> _HOW TO COMPLETE THIS TASK_: Exact copy, pictures omitted: the line holding "IMG_3342m.jpg" and every line after it down to the end of the entries.

AVAILABLE DATA Block Start

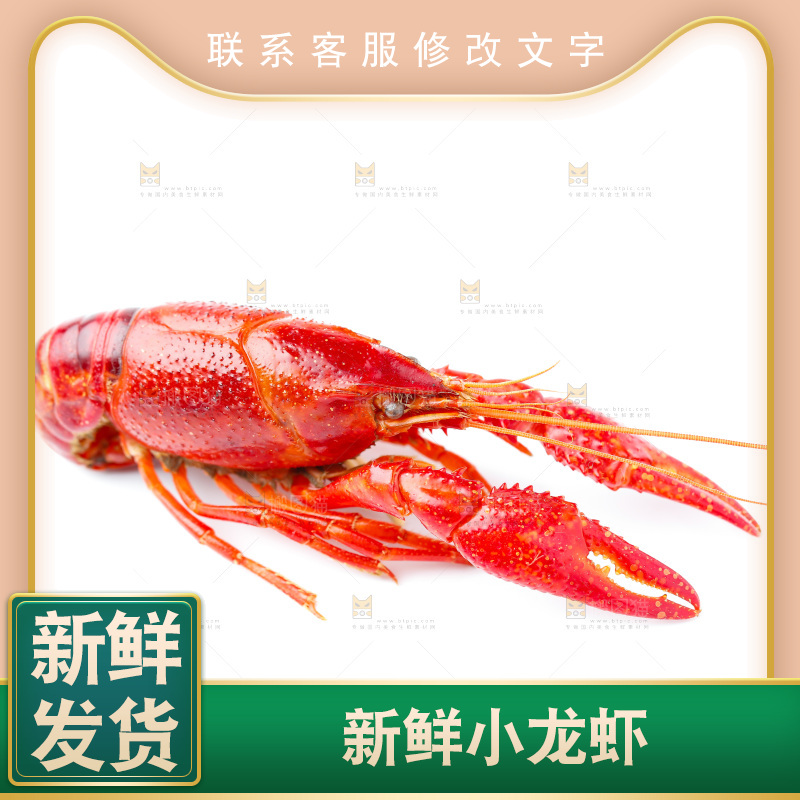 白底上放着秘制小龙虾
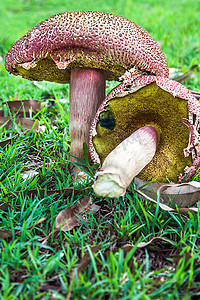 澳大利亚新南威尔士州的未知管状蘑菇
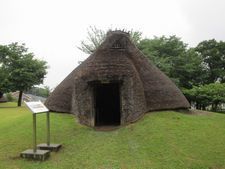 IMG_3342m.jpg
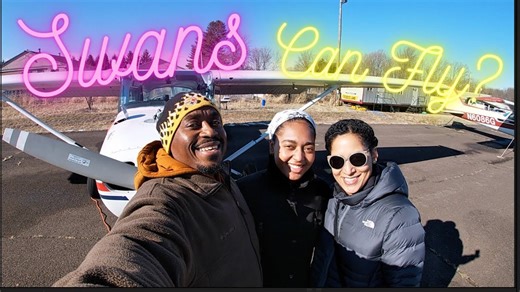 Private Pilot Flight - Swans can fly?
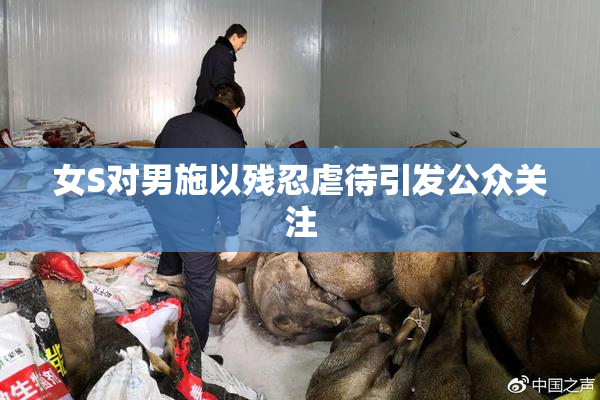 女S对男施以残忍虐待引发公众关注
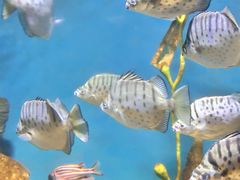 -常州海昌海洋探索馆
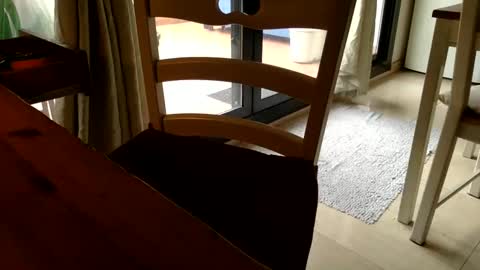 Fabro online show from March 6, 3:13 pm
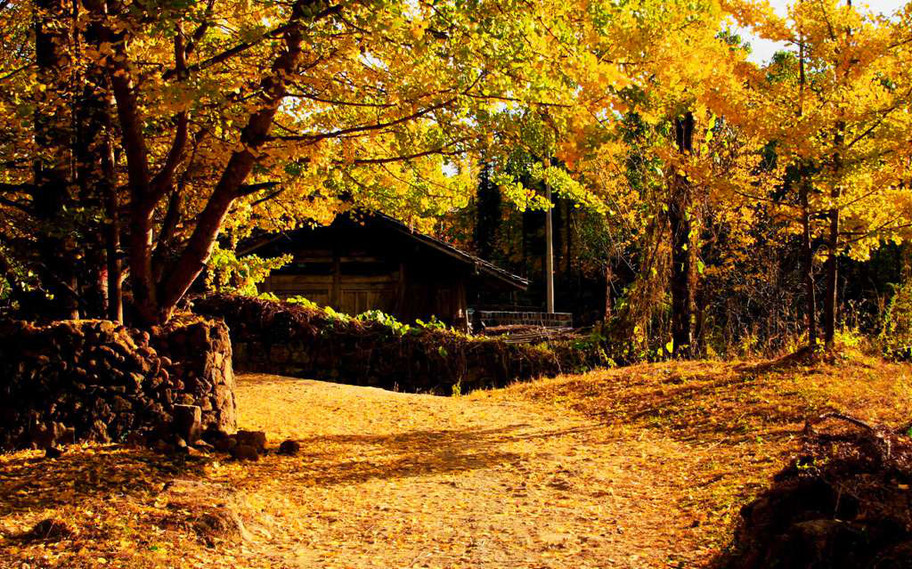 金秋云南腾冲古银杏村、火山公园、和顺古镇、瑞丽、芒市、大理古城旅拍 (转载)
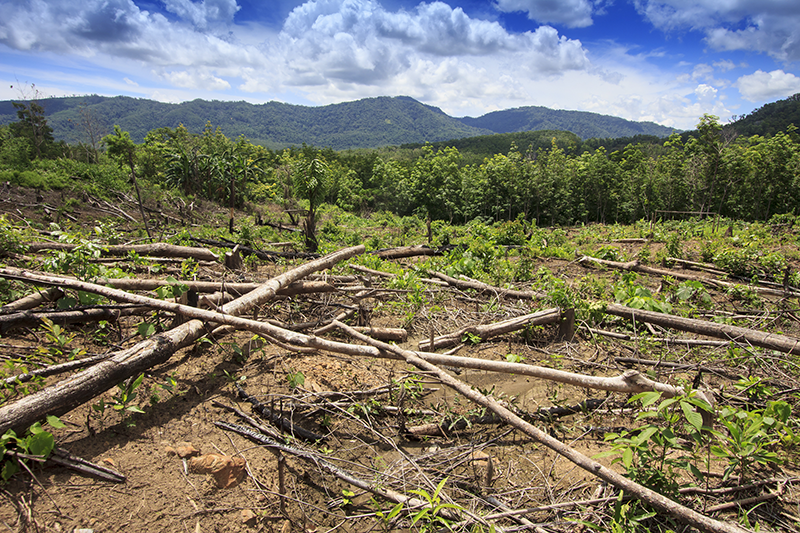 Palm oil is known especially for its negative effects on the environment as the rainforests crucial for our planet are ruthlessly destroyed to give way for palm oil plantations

AVAILABLE DATA Block End

> _SOLUTION TO THIS TASK_:
 IMG_3342m.jpg
 Private Pilot Flight - Swans can fly?
 女S对男施以残忍虐待引发公众关注
 -常州海昌海洋探索馆
 Fabro online show from March 6, 3:13 pm
 金秋云南腾冲古银杏村、火山公园、和顺古镇、瑞丽、芒市、大理古城旅拍 (转载)
 Palm oil is known especially for its negative effects on the environment as the rainforests crucial for our planet are ruthlessly destroyed to give way for palm oil plantations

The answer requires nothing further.